Inflation which rocked Zimbabwe in 2008, re-awoke in 2018 with the coming in of the Second Republic. Like its predecessor (Mugabe regime), the current ZANU-PF government is failing in its mandate to resuscitate the economy and fees the impoverished populace.
Through continuous interference by the ruling party using legislation, the opposition is sailing on the same boat with the ruling party as it has failed to improve the Urban areas where it is in charge through commanding the local authorities.
The Ian Smith regime strived under gruesome sanctions, under the UDI era from 1965. Current leaders are however hesitant to admit their failures and hide behind the embargo ban finger.
Zimbabwe now is suffering inside the web of poverty, spikes in prices, weakening currency which at one point government touted it as “the strongest in Southern Africa” and a forever soaring inflation.
Just a few months into the elections, the Consumer Council of Zimbabwe (CCZ), has revealed that a standard family of six requires ZW$1 Million to cover all basic needs. A shift from ZW$611 275 in April.
According to CCZ director Rosemary Mpofu, Zimbabwe’s cost of living has risen by 62% within a span of a month (April- May). Goods and services in United States dollars declined by 31,4%.
“The Consumer Council of Zimbabwe low-income urban earner monthly basket for a family of six stands currently at $1 015 962,61,” Mpofu said.
“This is a sharp increase because the basket has shot from the month of April, where it was $611 275. When we look at the basket as we measure it, we find out that the low-income earner is mainly earning in the Zimbabwean dollar.
“But the cost of living has really increased from the April figure to the May figure and it has constituted a percentage increase of 62,2%.
“The new analysis that we use in US$ has decreased by 31,4% so prices have increased in Zimbabwe dollar terms and yet in US$ have decreased by 31,4%.”
The Zimbabwe National Statistics Agency figures show that annual inflation rose by 11,3% from April to a staggering 86,5 percent in the month of May. Making the monthly inflation reach double digits from a mere 2,4% two months ago to 15.7 in May, leaving economics experts rating the country’s year on year inflation at 717%.
Zimbabwe has long standing history with inflation but the current economic landscape is the worst the country finds itself in. Those who claim to have bravely fought in the 1930s-70s and liberated the masses against colonial rule are finding it hard to revive the country. Being sanctioned, the country hasn’t stopped trading its minerals and tobacco with South Africa and China being the central point for all imports and exports.

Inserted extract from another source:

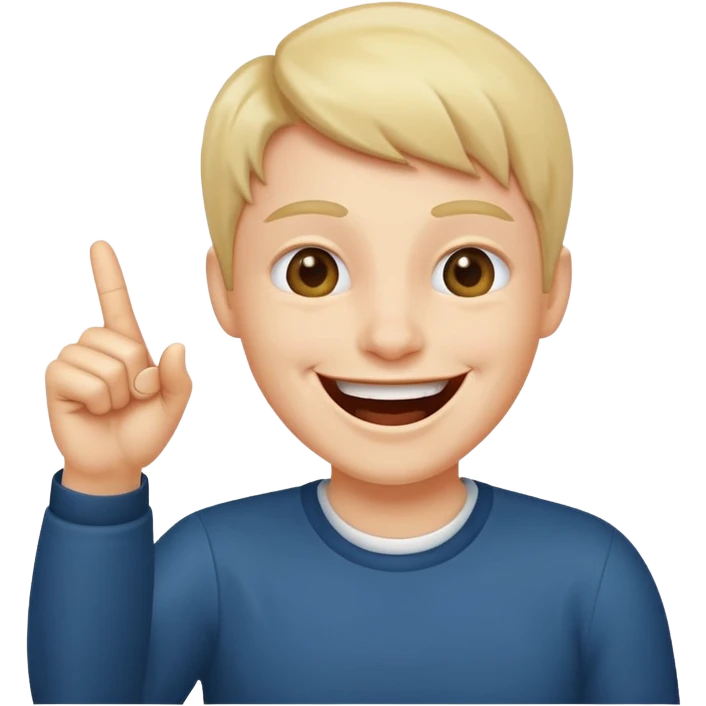 Person laughing and pointing there finger emoji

Subsequently, Zimbabwe’s economic woes are not mainly caused by sanctions, but none-transparent tendencies by the ruling elite.
When the local currency crashed last week, the Reserve Bank of Zimbabwe Governor placed measures that curtailed the use in the banked United States dollars. This sent a roller coaster panic as individuals and businesses ran to withdraw their hard earned cash as the lose of yesteryear glared in the face.
Facts are there for everyone to see, all those at the top live lavishly, while the majority who put them in power are wallowing in abject poverty.